Différents aspects des IPES ont fait l’objet de suivi contrôle, dont la vérification de l’organisation et la gestion administrative des IPES, leur gestion financière et pédagogique, les infrastructures, les équipements et la gestion légale.

Le contrôle de ses différents aspects a permis de faire un classement qualitatif des 112 institutions inspectées.  Parmi ces établissements, trente trois (33) institutions sont de bonnes qualités , vingt neuf (29) sont d’assez bonnes qualités, seize (16) de moyennes qualités , six(6 ) de mauvaises qualités et cinq de très mauvaises qualités.

 

Les 24 établissements autres restants n’ont pas été classés du fait qu’ils ne satisfont pas aux questions posées. Parmi ces établissements figurent ceux en situation de clandestinité, ceux ayant suspendu leurs activités, ceux qui sont introuvables, ceux ayant refusé de recevoir l’équipe d’inspection, d’autres n’ayant aucune personne ressource pour fournir les renseignements attendus, un d’entre eux n’a pas ouvert malgré la détention d’une autorisation depuis 2014 et deux situés à Bobo se réfèrent à Ouagadougou pour toute réponse

donnée.

 

Pour Minoungou Y W Mariette,directrice des Institutions Privées D’Enseignement Supérieur , « les établissements de bonne qualité sont à féliciter vivement pour leur respect du cahier de charges, ceux d’assez bonne qualité et de moyenne qualité sont à encourager ».

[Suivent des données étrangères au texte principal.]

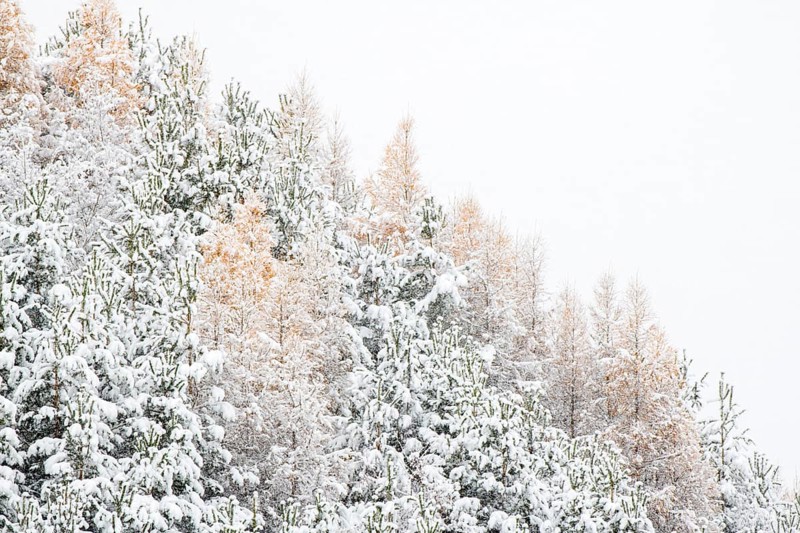 Snow-covered forest in late autumn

Selon le ministère, les établissements de mauvaise qualité sont à blâmer car présentant des manquements sérieux aux dispositifs du cahier de charges, ceux de très mauvaise qualité, et ceux qui fonctionnent dans la clandestinité devraient être fermés. Ceux disposant de l’autorisation, et n’étant toujours pas effectifs, devraient voir leur autorisation retirée.
A la question de savoir si les recommandations ont été prisent en compte, la directrice de l’IPES répond qu’il appartient à la hiérarchie de mettre en œuvre les recommandations de la Direction qui n’a pas le pouvoir de décision.

Une mise à nu qui doit en d’autres termes permettre aux concernés (gérants d’établissements et parents) de mieux s’informer sur les objectifs de ces inspections et leurs attentes.
En rappel, l’avant dernière inspection a eu lieu en novembre 2016 et la dernière session est prévue pour octobre prochain.